Heartbeat-2 on Dom0
These instructions will help you setup heartbeat-2 to run on a sarge system. Although this guide uses the CRM to configure heartbeat-2, since no OCF scripts are used, many of the advanced heartbeat-2 features, like monitoring, are unavailable. Documentation for writing OCF resource scripts is mostly non-existent and right now, I don't have the time to experiment. In the future, I'd like to come back to this problem because monitoring would allow for the health of each domain to be known and appropriate action to be taken.
Install
Grab the latest Ultra Monkey heartbeat-2 backport for Debian Sarge.
wget [1]
Install it. If it complains about unsatisfied dependencies, that's okay.

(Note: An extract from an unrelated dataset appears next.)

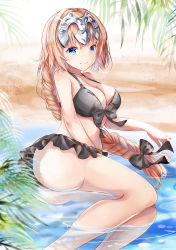Rule 34 | 1girl, ass, beach, bikini, black bikini, black bow, blonde hair, blue eyes, bow, braid, breasts, cleavage, collarbone, commentary request, fate/grand order, fate (series), frilled bikini, frills, front-tie bikini top, front-tie top, hair bow, headpiece, highres, jeanne d&#039;arc (fate), jeanne d&#039;arc (ruler) (fate), jeanne d&#039;arc (swimsuit archer) (fate), jeanne d&#039;arc (swimsuit archer) (first ascension) (fate), large breasts, long braid, long hair, low-tied long hair, lying, mutang, ocean, on side, palm tree, partially submerged, single braid, smile, solo, swimsuit, tree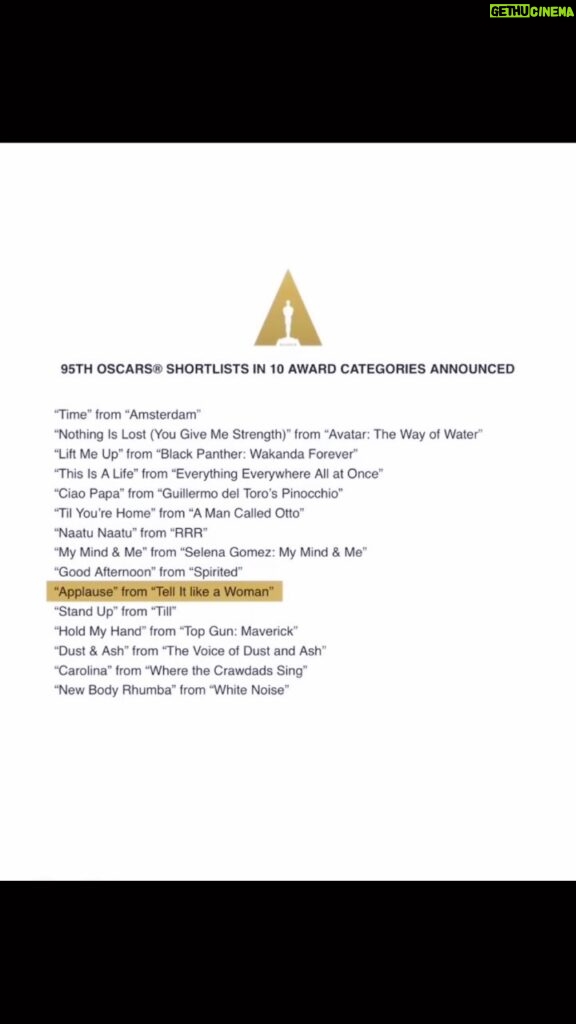 Sofia Carson Instagram - APPLAUSE is officially Shortlisted for The Oscar’s for Best Original Song🤍 Forever and ever and ever honored to be the voice of this anthem. Words will never suffice. @theacademy @dianewarren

dpkg -i heartbeat-2_2.0.2-4bpo1_i386.deb
Run aptitude and install heartbeat-2's unsatisfied dependencies.
Configure
There are three files to create in /etc/ha.d:
- authkeys -- network authentication
- ha.cf -- heartbeat configuration
- haresources -- resources being served
I'm not going into a full explanation of everything. Heartbeat is sophisticated software and you should take some time to read the docs at Linux-HA.
# /etc/ha.d/authkeys # auth 1 1 sha1 SecretPassphraseStuff
# /etc/ha.d/ha.cf # logfacility daemon # Log to syslog as facility "daemon" crm yes # use the new Cluster Resource Manager keepalive 1 # Send one heartbeat each second warntime 3 # How long before issuing "late heartbeat" warning? deadtime 10 # Declare nodes dead after 10 seconds initdead 90 # Dead time for when things first come up bcast eth0 eth1 # Broadcast heartbeats on eth0 and eth1 interfaces auto_failback no # Don't fail back to paul automatically node xena xeno # List our cluster members #ping 1.2.3.254 # Ping our router to monitor ethernet connectivity #respawn hacluster /usr/lib/heartbeat/ipfail # Failover on network failures
We are running heartbeat-2 because we want to use some of the new resource monitoring features. This means /etc/ha.d/haresources isn't used by heartbeat to configure resources. Instead the new cluster resource manager (CRM) uses some difficult to read/write XML and our resource scripts have to conform to the OCF specifications (which are poorly documented). Heartbeat-2 ships with a script to convert the haresources file for use by the CRM. However, the configuration file it generates uses the old style heartbeat resource scripts and so don't support the monitor operation. It's my hope going through this process brings me at least a little closer to the heartbeat-2 system i envision.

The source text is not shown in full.